For the people that answer YES they would have to be a developer and have access to the OS which I don't think is even available to Developers. For anyone else saying YES it's purely speculation however it's a good chance that it will. Keep in mind since the iPad 4 is currently 1 generation behind and the iPad Air is late in it's product cycle, while there a good chance that the iPad 4 will be able to install and run iOS 8, there's also a chance that Apple could make only certain features of iOS available on the Air and future iPads.
 
Will iPad 3 support iOS 8? It's getting harder right?! :D

I think it will, but it won't support it well (like the iPhone 4 with iOS 7.0). I won't update and will use iOS 7.x unless I get the next gen iPad Air. Still on the fence.
 
I think it will, but it won't support it well (like the iPhone 4 with iOS 7.0). I won't update and will use iOS 7.x unless I get the next gen iPad Air. Still on the fence.

Missing features, but performance should be good.

1gb ram like Air.
Its dual core cpu miles ahead of single core iPhone 4. Not going to be performance starved as fast. Non of the SMP chips are, 4S included.
 
I would say no. Apple having stopped selling the iPad 2 pretty much assures that neither will go to 8.

I'm not one to speculate much. But I'd take a gander that anything with an A5 will get iOS 8. At least that would be reasonable. Knowing Apple, they may drop due to age, and not necessarily lack of power.

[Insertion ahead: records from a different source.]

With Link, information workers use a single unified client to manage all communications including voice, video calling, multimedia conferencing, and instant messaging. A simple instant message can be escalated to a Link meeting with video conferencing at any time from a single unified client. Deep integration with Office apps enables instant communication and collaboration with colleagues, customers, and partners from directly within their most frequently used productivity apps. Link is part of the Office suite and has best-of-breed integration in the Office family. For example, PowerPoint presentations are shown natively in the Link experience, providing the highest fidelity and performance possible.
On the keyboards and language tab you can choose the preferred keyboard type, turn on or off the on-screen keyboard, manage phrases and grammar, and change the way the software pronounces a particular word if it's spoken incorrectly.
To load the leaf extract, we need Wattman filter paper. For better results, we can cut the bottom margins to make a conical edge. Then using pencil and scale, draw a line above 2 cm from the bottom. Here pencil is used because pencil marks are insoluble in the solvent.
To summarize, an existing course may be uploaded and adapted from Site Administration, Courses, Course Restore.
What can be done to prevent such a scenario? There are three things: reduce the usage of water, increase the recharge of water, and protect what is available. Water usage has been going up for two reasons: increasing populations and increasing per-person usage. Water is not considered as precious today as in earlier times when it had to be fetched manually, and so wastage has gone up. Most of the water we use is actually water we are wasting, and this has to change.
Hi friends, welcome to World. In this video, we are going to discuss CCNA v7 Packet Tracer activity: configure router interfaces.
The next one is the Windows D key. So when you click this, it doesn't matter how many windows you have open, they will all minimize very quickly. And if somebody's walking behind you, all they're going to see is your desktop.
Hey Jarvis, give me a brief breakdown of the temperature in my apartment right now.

I say this because the iPad mini is basically a smaller iPad 2, and it was released in 2012 with iOS 6. Also the iPod touch 5G and iPhone 4s are both still shipping, so I would expect them to get it as well. Unless they take them off the market right before the reveal like the iPod touch 4th gen when it got replaced by the 16GB 5th gen.

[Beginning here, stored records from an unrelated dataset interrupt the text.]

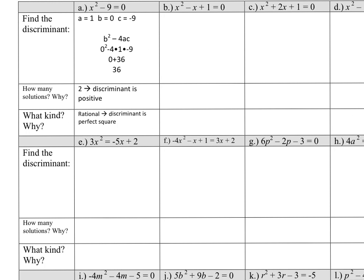Let's flip to the practice problems. For the first equation, the discriminant requires the equation to equal zero. With a=1, b=0, c=−9, plugging into b²−4ac gives a discriminant of 36. Since 36 is positive, there are two solutions. Since 36 is a perfect square and the square root of 36 is 6, the solutions are rational — no decimals.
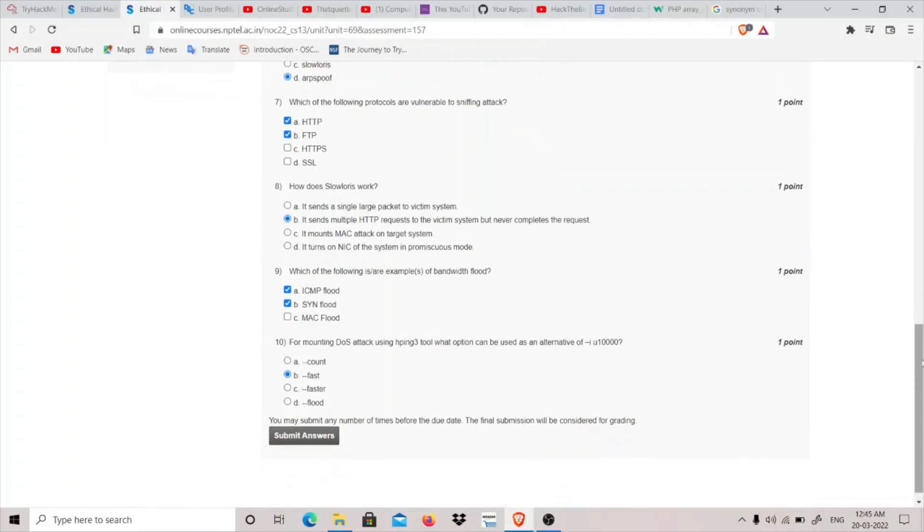How does Slowloris work? It basically works by sending multiple HTTP requests to the victim, but it basically never completes the request. It makes it hold the request for a long time. So this is how Slowloris attack works - it's basically a DDoS attack.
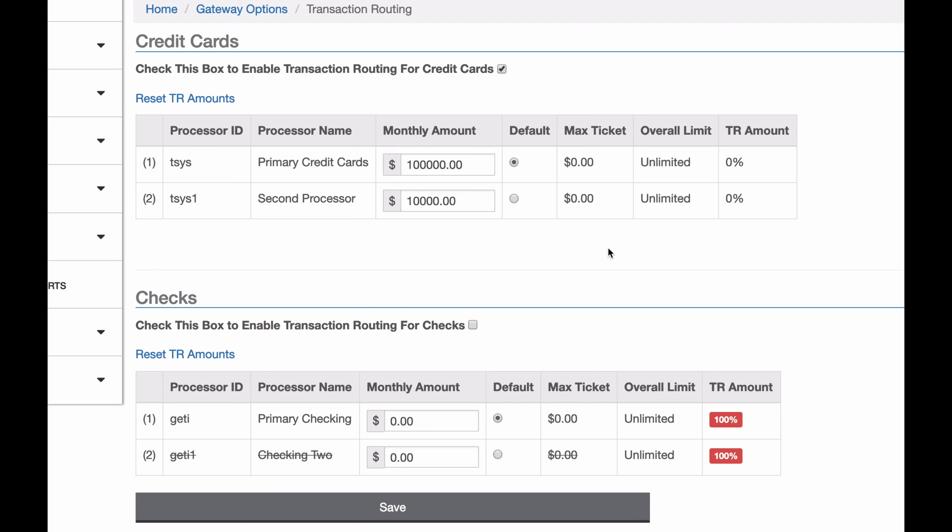It's important to note that this will not split single transactions. So if I run a $100 transaction, it'll process on one processor or the other, but it will never process partially on one and partially on the other. It'll always be all on one.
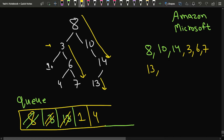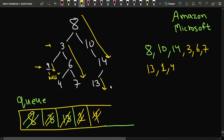We then pop 1 from the queue. Node 1 has no left and no right child, so current becomes null — we print 1 and terminate. Then we pop 4, print 4, and since it has no children, current becomes null and we terminate. So the overall answer is 8 10 14 | 3 6 7 | 13 1 4, which is exactly what we wanted.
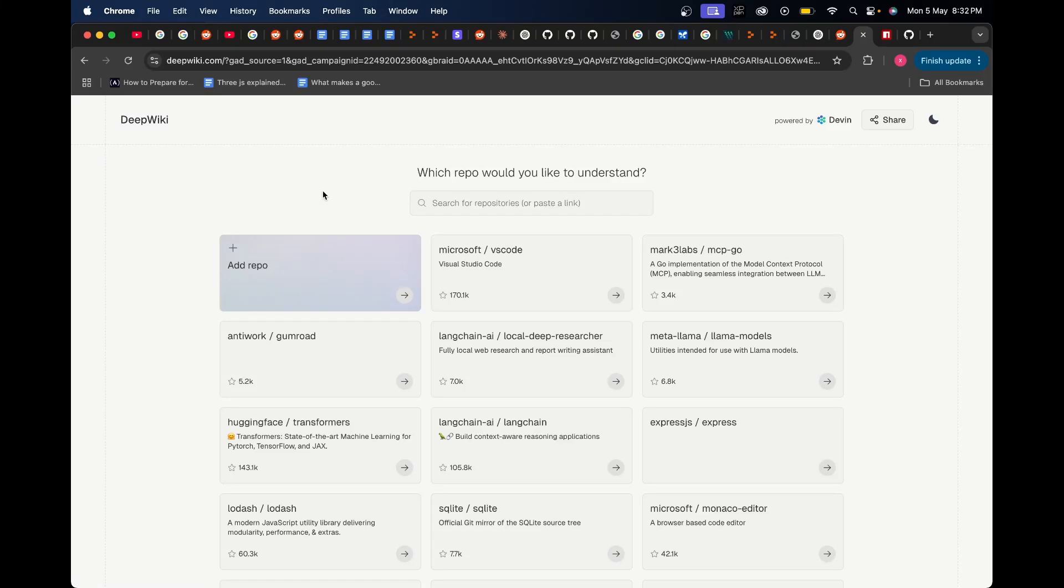If you're a software engineer and you've always wanted to understand the code base behind large or small GitHub repositories of projects that you have found interesting, then this video is for you. This is not a sponsored video, but instead it's going to talk about how you can analyze and understand the code behind any GitHub repository out there.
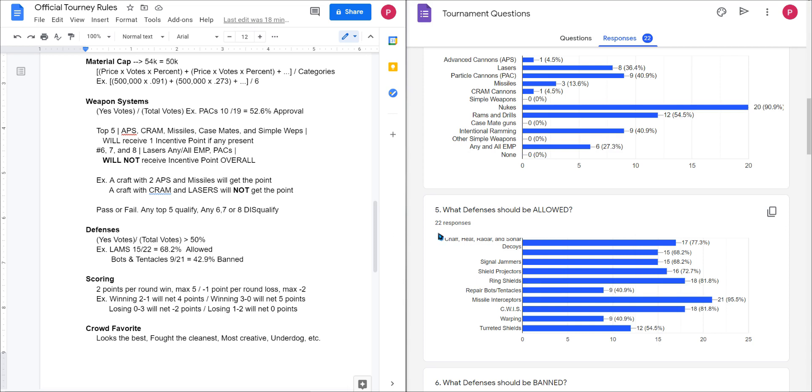Now for more about the scoring, you will receive two points per round that you won with a max of five. So if you win all three rounds you will not receive six points, you'll receive five points. If you win two rounds you will receive four points. Now if you lose the round you will lose one point. It will not be a zero, you will actually lose points, and I'll explain why in a moment.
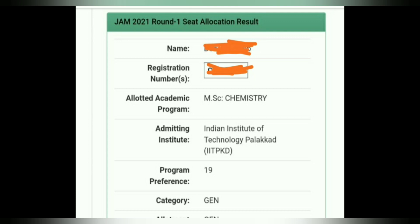After the first round seat allotment, there are three options: payment, document upload, and either accept and freeze, accept and upgrade, or reject and quit.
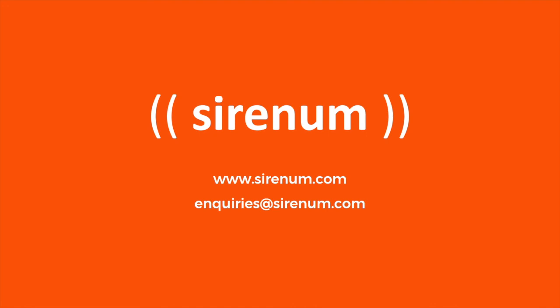Serenum is already trusted by some of the largest temporary staffing agencies and transportation businesses in the world. To learn more about how Serenum has saved those organizations up to 4% of the total cost of labor, please visit Serenum.com or send an email to enquiries at Serenum.com.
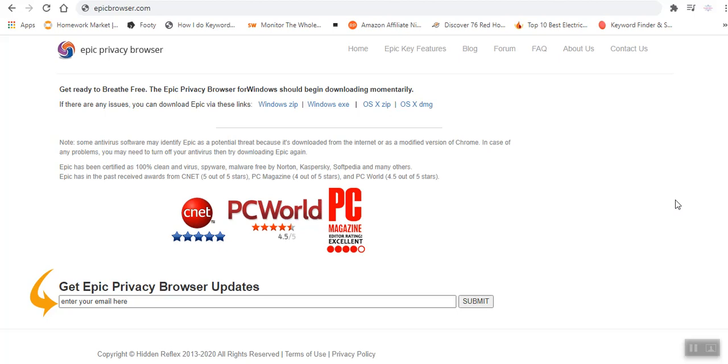Are you in a country whereby the access of some sites is limited? Well, with VPNs, you can be able to bypass some of these restrictions and access the websites in question.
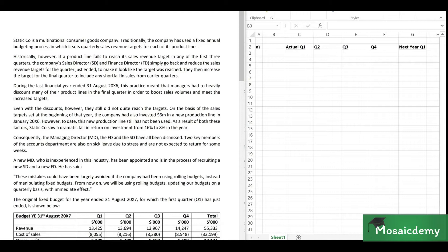Consequently, the managing director, finance director, and sales director have all been dismissed. Two key members of the accounts department are on sick leave due to stress. A new managing director — inexperienced in this industry — has been appointed and is recruiting a new sales director and finance director. He has said these mistakes could have been largely avoided if the company had been using rolling budgets.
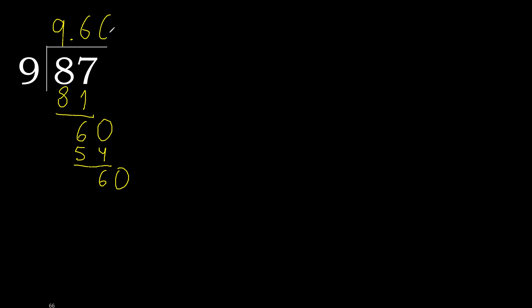9 multiplied by 6, 54 is not greater, ok. Subtract, 6, repeat. Therefore repeat, ok, here complete.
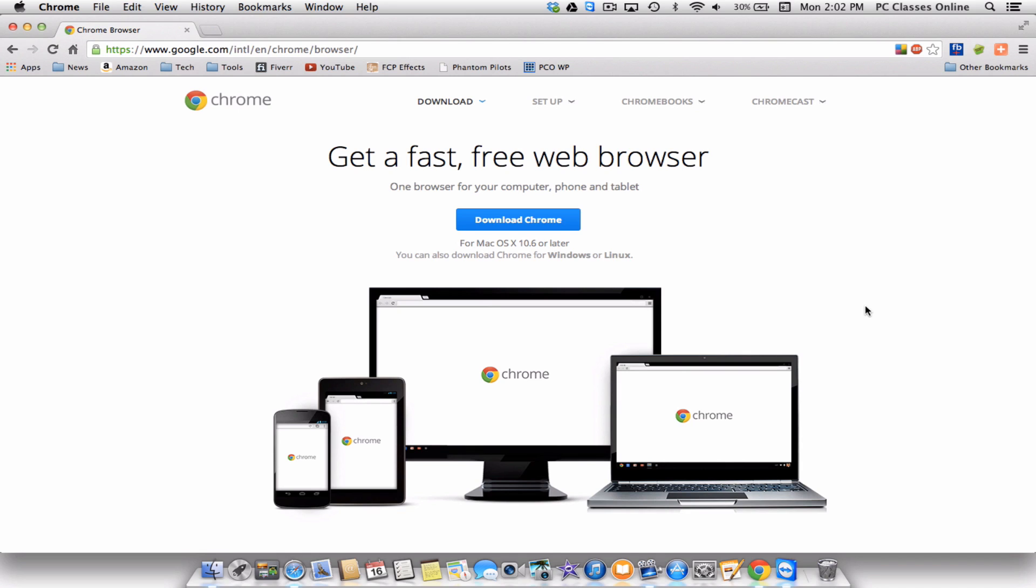Hello everyone, David A. Cox here with PCClassesOnline.com, and today we are going to be talking about Google Chrome, the web browser, but today we're going to be doing a video on Chrome for Mac. We've already done a video on Chrome for Windows, so should you be viewing this and you mean to be watching the Windows version, you're on the wrong video. Make sure you go back to the video library on our website at PCClassesOnline.com and look for the Windows version.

Previous iOS releases dropping devices were all for a reason. iPod touch 4G, iPad 1, and 3Gs all only have 256MB RAM, not enough to run iOS 7 with any reasonable performance. The iPhone 4 just squeaked by because it has double the RAM, though the CPU and GPU are the same, thus the slower, but usable, performance.

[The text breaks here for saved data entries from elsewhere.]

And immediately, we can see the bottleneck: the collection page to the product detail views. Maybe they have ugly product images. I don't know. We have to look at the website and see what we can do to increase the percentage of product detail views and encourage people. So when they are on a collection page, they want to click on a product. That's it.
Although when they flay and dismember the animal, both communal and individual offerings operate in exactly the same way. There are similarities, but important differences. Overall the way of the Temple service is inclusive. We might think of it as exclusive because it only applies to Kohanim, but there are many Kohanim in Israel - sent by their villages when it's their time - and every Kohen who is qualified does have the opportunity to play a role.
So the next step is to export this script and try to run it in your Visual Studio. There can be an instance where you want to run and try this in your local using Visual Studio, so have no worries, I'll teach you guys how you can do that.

iOS 7 runs pretty terribly on iPad 3... I would imaging iOS 8 runs on iPad 3....

This would be my reason I can't say 100%. This is mainly due to the iPad 3 having to push a LOT more pixels than the iPad 2 with the same CPU. They did improve the GPU to help it out, and that was fine with iOS 5/6. But 7 is just more graphically demanding for them. 7.1 has improved it a good deal however. As far as speed goes, it's pretty quick. It's the GPU that struggles. It also has 1GB RAM to help with the higher resources required for 4x the pixels.
 
I think it will, but it won't support it well (like the iPhone 4 with iOS 7.0). I won't update and will use iOS 7.x unless I get the next gen iPad Air. Still on the fence.

Maybe they'll make tops of optimization, I sure hope so.
 
I think ipad 3 would be able to run iOS8 as well as ipad 4 (especially since they're selling the ipad 4 again)

They both have the same amount of ram (1GB), just the a5x and a6x are the major differences. The main limiting factor for which devices get what iOS version has historically been because of RAM.

ipad 1 and iphone 4 are both on the A4 processor (and the A4 is extraordinarily slow compared to pretty much everything), yet the ipad 1 is locked to ios 5.1.1, whereas the iphone 4 is on 7.1 now. This is because the ipad 1 only has 256MB of ram, compared to the iphone 4's 512MB.

While the ipad 3 is "slow" it's mainly due to the new graphical effects implemented in iOS 7 (and pushing all those pixels on an A5X), and in iOS 8 I don't see them implementing new graphical effects that change all that much from iOS 7 (see transitioning from iOS 5 to 6). The main killer here will be RAM, each new generation ram usage climbs, yet even the ipad 2 can run iOS 7 "okay" despite the 512MB of ram, because iOS is already very good at managing cpu work.

Now, will the ipad 2 support iOS 8? Well considering they're still selling the original non-retina mini (which is basically the ipad 2), it's hard to say. If it does that will give the ipad 2 a really long life. I want to say that the ipad 2 is the cutoff for ios 8 (as in ipad 2 and non-retina ipad mini, as well as iphone 4 being limited to 7.1), but who knows.
 
Maybe they'll make tops of optimization, I sure hope so.

Why would they spend the effort on optimization. The iPad 3 is no longer sold and the number of owners is always going down. And why provide a disincentive for people to upgrade?
 
Why would they spend the effort on optimization. The iPad 3 is no longer sold and the number of owners is always going down. And why provide a disincentive for people to upgrade?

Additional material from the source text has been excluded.